The utility model relates to a converter technical field especially relates to a large-scale high-efficient mercury-free catalyst converter.

Background

As the technology advances, the mercury chloride catalyst used in the calcium carbide method production process is gradually replaced by the noble metal catalyst, so as to achieve the purposes of no mercury and environmental protection. The converter is the key equipment in the production process of the calcium carbide method, and the upper end and the lower end of the converter in the prior art are both oval seal heads generally, such as a conversion device for polyvinyl chloride disclosed in CN 212549491U. The end socket is the most important compression element of a pressure container (including a polyvinyl chloride converter), an elliptical end socket with the ratio of the long axis to the short axis of a rotating elliptical spherical bus of 2.0 is commonly called as a standard elliptical end socket, in recent years, the spinning manufacturing process is adopted, convenience is brought to the manufacture of a large-diameter elliptical end socket, and the elliptical end socket has good comprehensive performance and is widely used for medium and low pressure containers.
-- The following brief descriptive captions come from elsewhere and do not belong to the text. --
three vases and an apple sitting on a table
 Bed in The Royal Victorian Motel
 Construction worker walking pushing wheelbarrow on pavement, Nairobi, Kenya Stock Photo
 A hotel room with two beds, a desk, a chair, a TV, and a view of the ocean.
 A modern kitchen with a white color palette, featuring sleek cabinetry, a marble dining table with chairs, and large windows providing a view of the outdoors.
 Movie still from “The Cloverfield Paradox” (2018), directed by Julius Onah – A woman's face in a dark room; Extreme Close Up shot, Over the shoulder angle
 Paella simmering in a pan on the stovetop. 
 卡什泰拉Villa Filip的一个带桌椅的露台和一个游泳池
However, in the actual operation process, due to the physical structure of the oval end socket, the distance between the reaction gas inlet and the upper part of the heat exchange tube is short, and the gas lacks a buffer space, so that the catalyst at the upper end of the heat exchange tube in a certain distance is easily blown out.

SUMMERY OF THE UTILITY MODEL

To exist not enough among the prior art, the utility model provides a large-scale high-efficient mercury-free catalyst converter, it has solved among the prior art reaction gas entry and heat exchange tube upper portion apart from near, and gas lacks buffer space, leads to the problem that catalyst in one section distance in the heat exchange tube upper end is blown off easily.

According to the utility model discloses an embodiment, a large-scale high-efficient mercury-free catalyst converter, it includes:

the converter comprises a converter body, wherein a liquid inlet pipe and a liquid outlet pipe which are communicated with the converter body are arranged on the converter body;

the conical end enclosure is fixedly connected with the upper end of the converter body, and a reaction gas inlet is formed in the conical end enclosure;

the elliptical end enclosure is fixedly connected with the lower end of the converter body, and a reaction gas outlet is formed in the elliptical end enclosure;

the distributor is fixedly arranged in the conical end socket and is provided with an opening which spreads from the center to the outer edge;

the heat exchange tube, the heat exchange tube sets up in the converter body, the heat exchange tube upper end with toper head intercommunication, lower extreme with oval head intercommunication, the toper head the heat exchange tube and oval head forms gas channel.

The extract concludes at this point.